Ramdisks can offer a level of performance that is simply amazing. More than just a tool for benchmarking, there are new devices that utilize ramdisks for a bit of the ultra-performance.
Uses for Ramdisks
As mentioned previously, when the subject of ramdisks comes up many sysadmins won’t even engage in a discussion because of the problem that when the power is shut off all data on the ramdisk is lost. So what good are ramdisks? The answer is that there are very good for certain applications.
One thing that is obvious and fairly easy to do, is to add a battery backup to the system that is using a ramdisk. Then you create a script to copy the data from the ramdisk to a hard drive or flash drive before shutting down. Alternatively, you can create a script to copy the data from the hard drive to the ramdisk when the system starts up. You have to do some testing to make sure that the battery capacity is enough to give the system enough time to copy the data from the ramdisk to the hard drive. In addition, you have to make sure the battery is charged at any time (you can always connect several batteries to prevent a single point of failure). If this can be accomplished then you can use a ramdisk for almost any application. An example of this is an article that describes how to customize ramdisks for CentOS. It provides some simple scripts for setting up the ramdisk and copying data to/from permanent storage.
With a ramdisk you will get performance that is at least an order of magnitude greater for throughput compared to a hard drive. Moreover, typically ramdisks have at least two order of magnitude more IOPS performance than a hard drive. But for some storage devices that are RAM based, the difference in performance can reach four orders of magnitude!

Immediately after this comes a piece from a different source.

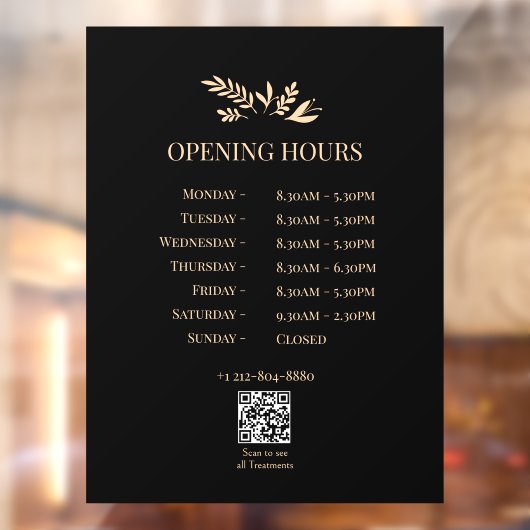 Minimal Botanical Logo Opening Hours QR Code Fensteraufkleber (Blatt 2)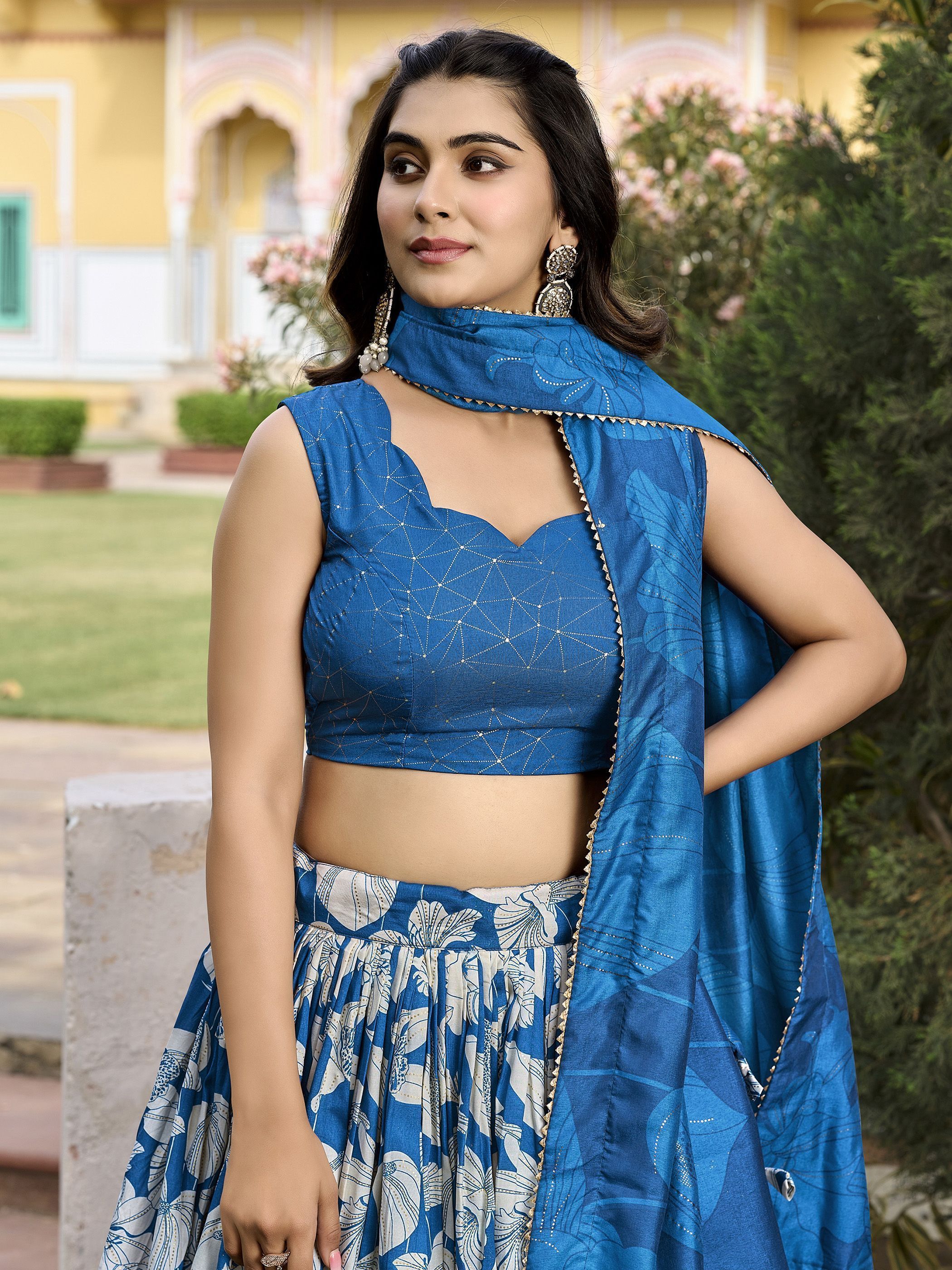 Blue Festive Wear Foil Printed Tussar Silk Lehenga Choli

One of the most common applications for ramdisks are for databases. Databases do a great deal of IO, particularly IOPS. Ramdisks are a perfect compliment to a database and in fact, almost all database benchmarks you will read about, use one. Just do a Google search on MySQL and ramdisk and you will see a great number of entries. However, the trick with using a ramdisk with a database is to make sure that the data contained on the ramdisk is protected by a battery system and that it is copied to a permanent storage solution in the event of a power loss.
In a similar fashion, one could use a ramdisk for storing web pages for a web server. It’s very easy to do for static data that does not change. You have to make sure you have a copy of the data on permanent media and copy the data to the ramdisk before starting the web server. If you use a ramdisk for web data that is not static, then be sure you copy the data to a permanent media and that you have a battery backup for the ramdisk.
A second application of a ramdisk is for applications where the data is “scratch” data. In this case, scratch data is just used during the operation of an application and does not need to be kept after the application is done. There are a number of applications in the HPC or technical space that fulfill this requirement. But the most common one that every one uses every day, is a web browser. The cache for a web browser is just temporary data that is intended to help web browsing performance. There are some articles such as those here, here, here, and here that discuss how to configure Firefox to use a ramdisk based cache. Since Firefox uses SQLite, which can be rather IO intensive, the articles describe how to configure the browser to use a ramdisk as a cache.
Another fairly common application of a ramdisk is to use one on a netbook that have limited memory but even more limited storage performance. For example, articles here and here describe how to use ramdisks to help with IO performance in netbooks. In addition, you can use one to help reduce the number of writes and rewrites to SSD drives improving the life of the drive.
One common area that ramdisks are encountered is HPC. In a cluster there are hundreds of compute nodes and trying to maintain a common consistent image across the nodes can become a problem. In the case where the OS is installed on a drive in the node you have to worry about a consistent image across all nodes. If a node is down while all other nodes are updated, then you have to make sure that the node is down is updated to match. This is referred to as “OS skew” and can become a big problem in clusters.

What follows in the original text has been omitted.